Training a GPT-4-level large model is extremely costly (millions to tens of millions of dollars per run). Hyperparameter transfer has become a key strategy to reduce trial-and-error costs—searching for optimal hyperparameters in small-scale models and then extrapolating to large models. There are two main paths: 1. Fitting scaling laws to predict optimal values for large models; 2. Using parameterization designs (such as μP) to make hyperparameters approximately invariant across different scales. However, existing theories lack a sufficient explanation for the effectiveness of μP.

3

Section 03

Methods: Quantitative Evaluation Framework for Hyperparameter Transfer Quality

The study established a three-dimensional quantitative framework: 1. Scaling law fitting quality (measures the prediction accuracy of small-scale fitting rules for large models); 2. Extrapolation error robustness (evaluates the impact of small-scale errors on large model performance); 3. Parameterization asymptotic loss penalty (compares performance gaps between different parameterizations at the large-scale limit). These three together form a complete evaluation picture.

4

Section 04

Core Finding: The Embedding Layer is a Training Bottleneck in Standard Parameterization

The core advantage of μP over Standard Parameterization (SP) lies in increasing the embedding layer learning rate. In SP, the embedding layer has a large number of parameters (proportional to vocabulary size and model dimension), leading to limited gradient updates, which causes problems such as unstable training, slow convergence, and hyperparameter sensitivity. μP removes this bottleneck by scaling the embedding layer learning rate by the model width (increasing by width times); simply increasing the embedding layer learning rate in SP to the μP level can significantly improve hyperparameter transfer effects.

5

Section 05

Analysis: The Dual Effects of Weight Decay

Weight Decay has dual effects: The positive effect is improving the fitting quality of scaling laws, making small-scale extrapolation more reliable; the negative effect is impairing extrapolation robustness under fixed token-per-parameter settings (small experimental errors are easily amplified).
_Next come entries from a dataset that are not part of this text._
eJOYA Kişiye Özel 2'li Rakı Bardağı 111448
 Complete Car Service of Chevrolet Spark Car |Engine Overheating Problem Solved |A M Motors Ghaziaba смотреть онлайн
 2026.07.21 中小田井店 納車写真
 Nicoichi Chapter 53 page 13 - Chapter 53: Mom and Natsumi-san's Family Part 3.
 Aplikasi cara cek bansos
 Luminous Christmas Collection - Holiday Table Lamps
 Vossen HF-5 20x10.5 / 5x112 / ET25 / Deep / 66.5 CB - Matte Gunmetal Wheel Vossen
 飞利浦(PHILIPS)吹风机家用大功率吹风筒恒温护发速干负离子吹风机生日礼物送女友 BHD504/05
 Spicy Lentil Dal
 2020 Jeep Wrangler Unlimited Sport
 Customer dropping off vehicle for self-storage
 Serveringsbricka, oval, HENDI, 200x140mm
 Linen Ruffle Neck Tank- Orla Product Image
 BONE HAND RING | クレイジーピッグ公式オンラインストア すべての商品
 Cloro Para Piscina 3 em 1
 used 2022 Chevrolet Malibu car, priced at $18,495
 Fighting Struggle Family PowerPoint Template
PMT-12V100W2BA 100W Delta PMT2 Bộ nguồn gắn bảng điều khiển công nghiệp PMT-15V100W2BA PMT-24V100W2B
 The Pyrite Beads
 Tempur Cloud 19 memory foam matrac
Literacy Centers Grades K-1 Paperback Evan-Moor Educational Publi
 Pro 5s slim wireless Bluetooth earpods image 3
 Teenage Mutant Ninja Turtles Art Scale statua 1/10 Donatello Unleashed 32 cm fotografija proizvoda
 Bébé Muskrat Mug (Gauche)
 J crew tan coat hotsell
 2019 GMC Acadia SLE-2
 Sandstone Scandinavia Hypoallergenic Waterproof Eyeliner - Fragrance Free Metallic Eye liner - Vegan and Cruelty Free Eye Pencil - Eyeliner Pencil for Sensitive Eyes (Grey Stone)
Practical training needs to balance between fitting quality and robustness.

6

Section 06

Experimental Verification: Key Experiments Support the Core Hypothesis

Verification through a series of ablation experiments found: 1. Embedding layer learning rate ablation: Adjusting the embedding layer learning rate alone in SP can achieve μP-like effects; 2. Component-level analysis: Identifying the embedding layer as a key component; 3. Scale extrapolation test: Extrapolating from small scale to large scale to verify transfer effects. The results strongly support the "embedding layer bottleneck" hypothesis.

7

Section 07

Practical Recommendations: Optimization Strategies for Large Model Training

Based on the research findings, four recommendations are proposed: 1. Prioritize the setting of the embedding layer learning rate; 2. Simplify μP implementation: Most benefits can be obtained by only increasing the embedding layer learning rate in SP; 3. Weight decay tuning: Adjust strategies according to training settings (fixed steps vs fixed token count); 4. Small experiment design: Ensure that the embedding layer behavior can represent large models to avoid extrapolation failure.

8

Section 08

Limitations, Future Directions, and Conclusion

Research limitations: Verified only on AdamW optimizer and Transformer architecture; applicability to other optimizers (such as Adam, SGD) and architectures (such as Mamba, RWKV) remains to be verified. Future directions: 1. Deep mathematical principles of the embedding layer bottleneck; 2. Similar bottlenecks in multimodal models (such as vision-language); 3. Dynamically adjusting the embedding layer learning rate during training. Conclusion: This study reveals the source of μP's advantages through detailed exploration, provides concise and effective guidance for large model training, and emphasizes that insights come from details rather than complex theories.